Bad faith there was, of course, in Kakutani's review, and Eric Boehlert documents it ably in Salon today ("Still smiting Slick Willie"). Here's the passage that caught my eye this morning:

Kakutani ... belittles Clinton for his lack of candor, but fails to inform readers that "My Life" reportedly contains strong criticism of the New York Times, and specifically its Whitewater coverage. As David Brock's Web site Media Matters for America notes, Kakutani did the same thing in her unflattering review of Sen. Hillary Clinton's 2003 memoir "Living History," failing to inform Times readers that the book contained accusations that the Times practiced dishonest journalism. ...

Asked about the omission, [executive editor Bill] Keller responded, "I can't imagine where this question leads that isn't patently absurd."
Clinton Fatigue or no, Bill Keller's bad faith never fails to be noteworthy (or motivating). Boehlert doesn't have any further reaction from Keller to report, but I'd love to know just what "patently absurd" direction the Times editor thought Boehlert was about to try to lead him in.
  • Is it "patently absurd" to suggest that the Times, in promoting a review by its staff book critic (whose middle name, incidentally, seems to be "feared") to the front page of the week's most significant edition, is investing that review with the paper's full institutional authority? Or that readers will understand the gesture to mean, "This is the official word from the Times"?

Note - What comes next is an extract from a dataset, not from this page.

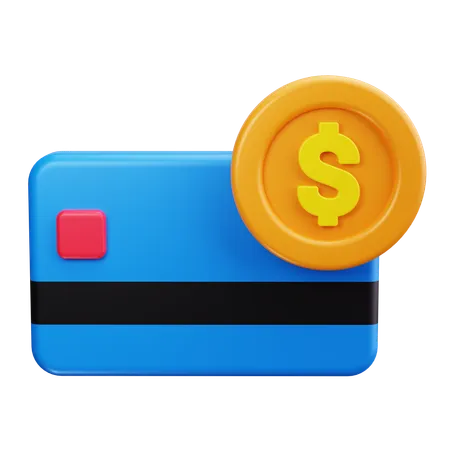 Cartão de crédito  3D Icon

  • Is it "patently absurd" to suggest that it's standard practice, indeed in common understanding an ethical requirement, for a reviewer to inform her readers when some conflict of interest might exist—as, for instance, the text under review containing frequent, sharp criticism of her employer—that could compromise the fairness of her review? So that readers can judge the issue for themselves, with reasonably complete knowledge?

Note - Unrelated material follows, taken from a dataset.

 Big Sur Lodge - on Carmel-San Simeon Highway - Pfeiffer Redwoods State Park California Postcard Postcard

  • Or perhaps it's "patently absurd" to think that, given the timing and placement of the Kakutani review, the Times might have felt an extra measure of editorial circumspection was called for in avoiding even the appearance of a conflict of interest? And to avoid creating the impression that the paper is bartering yet another piece of its august reputation, this time for the dubious reward of damping the book sales of a political antagonist?
  • Or is it just "patently absurd" for readers to imagine that the Times has any real contract with them that it feels bound to enforce on itself?

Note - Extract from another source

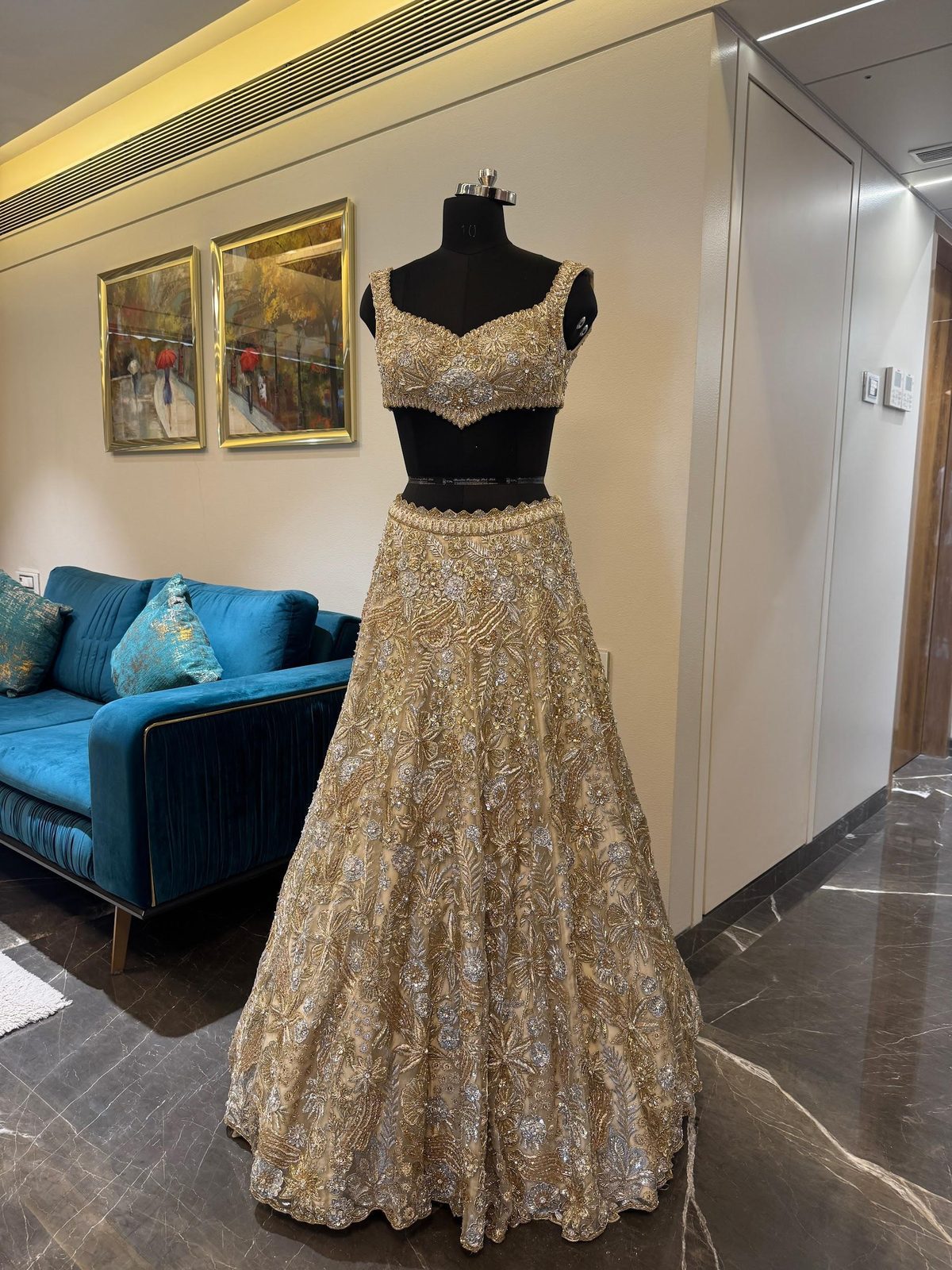 Scarlet Rose lookbook — Starlet, Golden Glamour: Where golden glamour meets silver stardust in bridal couture.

The simple expedient of a paragraph or two, mentioning the Times' own part in the Whitewater controversy and Clinton's criticisms of it, would have pretty thoroughly inoculated the paper against charges of unfairness in the Clinton review. Surely Michiko Kakutani isn't so feared by her own editors that they couldn't have asked for such a thing? But then, even that much acknowledgement must seem to Bill Keller like the nearest thing to accepting another "patently absurd" demand, namely that the Times review and recant its credulous and false reporting of the Whitewater scandal-that-wasn't. That door is, and will remain, stuck shut. Keller's reaction in the Boehlert piece today is a demonstration, if any more were needed, that in the wake of last month's editor's note on the Times' Iraq WMD coverage the experiment in glasnost on W. 43rd has gone as far as it's ever going to.